■ TASK REQUIREMENTS
Would you copy exactly the lines in the data below from the one that has "Retainer - ELECTROMAGNET AT167440" through the one that has "广西抢夺罪抢劫罪差别有多少 广西抢劫罪量刑标准金额", dropping any pictures?

■ DATA RECORDS
---
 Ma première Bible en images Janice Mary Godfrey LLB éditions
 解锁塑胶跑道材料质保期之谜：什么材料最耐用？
---
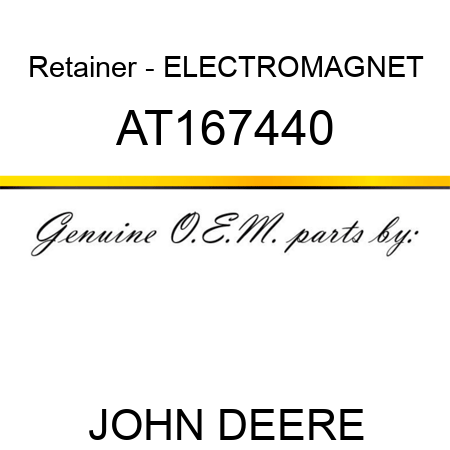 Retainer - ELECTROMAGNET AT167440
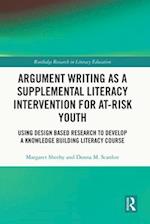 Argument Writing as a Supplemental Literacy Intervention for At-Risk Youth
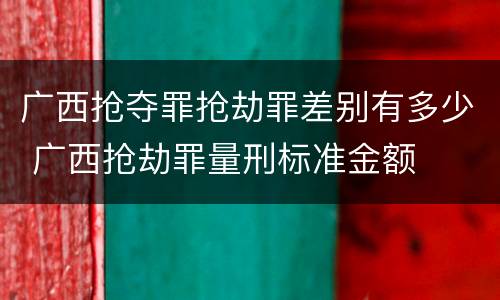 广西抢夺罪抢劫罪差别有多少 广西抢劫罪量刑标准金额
---
■ SOLUTION FOR THIS PROBLEM
 Retainer - ELECTROMAGNET AT167440
 Argument Writing as a Supplemental Literacy Intervention for At-Risk Youth
 广西抢夺罪抢劫罪差别有多少 广西抢劫罪量刑标准金额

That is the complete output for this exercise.